How to complete this task
All lines from the one that contains "jeruzalem-ormo" through the final line of the entries must be repeated exactly. No other lines belong in the output.

Excerpts from a dataset:
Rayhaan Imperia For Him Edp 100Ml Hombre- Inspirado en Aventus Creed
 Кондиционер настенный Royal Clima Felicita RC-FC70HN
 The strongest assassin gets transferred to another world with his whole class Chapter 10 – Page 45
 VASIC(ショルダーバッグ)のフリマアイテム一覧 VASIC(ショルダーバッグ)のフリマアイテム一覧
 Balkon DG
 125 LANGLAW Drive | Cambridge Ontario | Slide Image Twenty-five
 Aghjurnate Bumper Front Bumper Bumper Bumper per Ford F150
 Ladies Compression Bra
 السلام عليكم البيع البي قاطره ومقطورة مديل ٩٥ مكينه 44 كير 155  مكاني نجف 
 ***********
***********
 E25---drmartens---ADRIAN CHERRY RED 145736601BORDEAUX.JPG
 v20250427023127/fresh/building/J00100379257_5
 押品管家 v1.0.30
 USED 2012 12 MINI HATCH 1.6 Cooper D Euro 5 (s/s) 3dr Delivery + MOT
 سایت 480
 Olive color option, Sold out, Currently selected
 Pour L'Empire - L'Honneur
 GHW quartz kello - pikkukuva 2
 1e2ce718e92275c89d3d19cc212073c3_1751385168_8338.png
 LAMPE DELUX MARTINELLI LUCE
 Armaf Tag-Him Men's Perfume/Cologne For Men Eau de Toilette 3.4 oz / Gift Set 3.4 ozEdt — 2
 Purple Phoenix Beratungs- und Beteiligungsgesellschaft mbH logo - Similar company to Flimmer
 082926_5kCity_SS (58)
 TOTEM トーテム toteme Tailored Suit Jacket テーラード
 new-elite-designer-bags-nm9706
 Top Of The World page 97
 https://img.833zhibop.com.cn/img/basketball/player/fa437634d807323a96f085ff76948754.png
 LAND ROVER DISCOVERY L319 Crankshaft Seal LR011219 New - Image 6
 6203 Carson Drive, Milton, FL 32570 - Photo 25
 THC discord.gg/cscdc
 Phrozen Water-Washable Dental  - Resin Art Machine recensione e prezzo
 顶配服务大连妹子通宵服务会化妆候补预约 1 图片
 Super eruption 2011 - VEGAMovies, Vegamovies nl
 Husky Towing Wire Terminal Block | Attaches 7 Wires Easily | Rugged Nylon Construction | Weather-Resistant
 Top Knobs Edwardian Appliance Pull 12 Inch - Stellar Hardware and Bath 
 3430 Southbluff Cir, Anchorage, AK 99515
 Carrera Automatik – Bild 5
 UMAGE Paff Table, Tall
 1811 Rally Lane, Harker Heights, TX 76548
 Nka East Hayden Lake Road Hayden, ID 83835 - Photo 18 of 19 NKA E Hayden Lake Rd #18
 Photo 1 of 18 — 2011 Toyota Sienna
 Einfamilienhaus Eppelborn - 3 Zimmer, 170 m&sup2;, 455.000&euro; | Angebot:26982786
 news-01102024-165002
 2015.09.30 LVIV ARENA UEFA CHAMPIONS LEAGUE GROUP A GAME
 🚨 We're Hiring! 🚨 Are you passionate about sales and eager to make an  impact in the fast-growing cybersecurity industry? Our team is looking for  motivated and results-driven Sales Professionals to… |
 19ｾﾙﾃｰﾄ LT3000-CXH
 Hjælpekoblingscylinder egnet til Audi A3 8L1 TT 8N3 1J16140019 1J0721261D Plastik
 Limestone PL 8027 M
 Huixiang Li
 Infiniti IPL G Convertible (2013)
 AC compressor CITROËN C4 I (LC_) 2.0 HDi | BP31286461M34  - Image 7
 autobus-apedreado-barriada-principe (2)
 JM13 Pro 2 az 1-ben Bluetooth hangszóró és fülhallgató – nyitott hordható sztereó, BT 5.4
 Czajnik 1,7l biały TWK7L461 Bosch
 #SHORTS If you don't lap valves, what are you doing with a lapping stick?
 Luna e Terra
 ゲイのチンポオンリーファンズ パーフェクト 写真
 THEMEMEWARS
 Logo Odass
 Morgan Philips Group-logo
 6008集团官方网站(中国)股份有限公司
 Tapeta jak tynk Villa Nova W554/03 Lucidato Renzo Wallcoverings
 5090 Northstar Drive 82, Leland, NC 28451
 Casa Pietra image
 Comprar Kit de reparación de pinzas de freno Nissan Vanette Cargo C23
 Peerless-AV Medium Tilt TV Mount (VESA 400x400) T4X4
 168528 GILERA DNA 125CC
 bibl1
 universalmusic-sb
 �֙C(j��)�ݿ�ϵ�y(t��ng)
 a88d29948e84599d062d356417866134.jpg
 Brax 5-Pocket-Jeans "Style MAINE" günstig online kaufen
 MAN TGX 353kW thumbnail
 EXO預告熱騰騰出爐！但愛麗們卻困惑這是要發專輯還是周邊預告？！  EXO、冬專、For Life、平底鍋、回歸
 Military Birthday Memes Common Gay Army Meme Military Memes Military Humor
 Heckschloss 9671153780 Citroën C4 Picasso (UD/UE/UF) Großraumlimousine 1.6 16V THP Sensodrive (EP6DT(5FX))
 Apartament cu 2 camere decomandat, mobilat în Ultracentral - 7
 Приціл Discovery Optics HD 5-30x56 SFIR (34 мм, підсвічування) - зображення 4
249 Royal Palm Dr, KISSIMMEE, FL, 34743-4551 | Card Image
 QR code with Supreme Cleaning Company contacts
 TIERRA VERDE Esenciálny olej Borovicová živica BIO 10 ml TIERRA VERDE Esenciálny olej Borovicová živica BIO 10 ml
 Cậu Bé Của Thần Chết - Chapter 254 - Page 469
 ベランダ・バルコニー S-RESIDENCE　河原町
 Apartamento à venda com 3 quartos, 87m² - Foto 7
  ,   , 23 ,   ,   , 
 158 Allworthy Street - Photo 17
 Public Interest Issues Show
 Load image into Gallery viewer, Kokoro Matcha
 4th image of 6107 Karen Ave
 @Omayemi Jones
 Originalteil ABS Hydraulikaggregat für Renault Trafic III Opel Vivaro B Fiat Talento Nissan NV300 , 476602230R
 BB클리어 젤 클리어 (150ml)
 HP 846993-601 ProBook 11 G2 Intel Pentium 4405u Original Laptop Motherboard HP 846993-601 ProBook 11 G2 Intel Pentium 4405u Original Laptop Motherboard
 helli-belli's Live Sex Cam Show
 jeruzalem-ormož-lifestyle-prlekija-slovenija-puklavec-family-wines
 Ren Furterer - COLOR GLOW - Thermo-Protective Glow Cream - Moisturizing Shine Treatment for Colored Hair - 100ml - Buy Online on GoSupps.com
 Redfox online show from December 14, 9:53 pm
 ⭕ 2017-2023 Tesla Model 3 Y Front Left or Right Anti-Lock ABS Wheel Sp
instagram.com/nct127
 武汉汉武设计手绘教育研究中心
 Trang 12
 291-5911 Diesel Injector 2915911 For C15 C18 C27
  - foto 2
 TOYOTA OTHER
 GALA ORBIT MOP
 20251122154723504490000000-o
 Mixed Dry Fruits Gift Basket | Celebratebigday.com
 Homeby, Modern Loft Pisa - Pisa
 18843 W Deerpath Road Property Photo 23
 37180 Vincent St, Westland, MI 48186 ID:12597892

Result below
 jeruzalem-ormož-lifestyle-prlekija-slovenija-puklavec-family-wines
 Ren Furterer - COLOR GLOW - Thermo-Protective Glow Cream - Moisturizing Shine Treatment for Colored Hair - 100ml - Buy Online on GoSupps.com
 Redfox online show from December 14, 9:53 pm
 ⭕ 2017-2023 Tesla Model 3 Y Front Left or Right Anti-Lock ABS Wheel Sp
instagram.com/nct127
 武汉汉武设计手绘教育研究中心
 Trang 12
 291-5911 Diesel Injector 2915911 For C15 C18 C27
  - foto 2
 TOYOTA OTHER
 GALA ORBIT MOP
 20251122154723504490000000-o
 Mixed Dry Fruits Gift Basket | Celebratebigday.com
 Homeby, Modern Loft Pisa - Pisa
 18843 W Deerpath Road Property Photo 23
 37180 Vincent St, Westland, MI 48186 ID:12597892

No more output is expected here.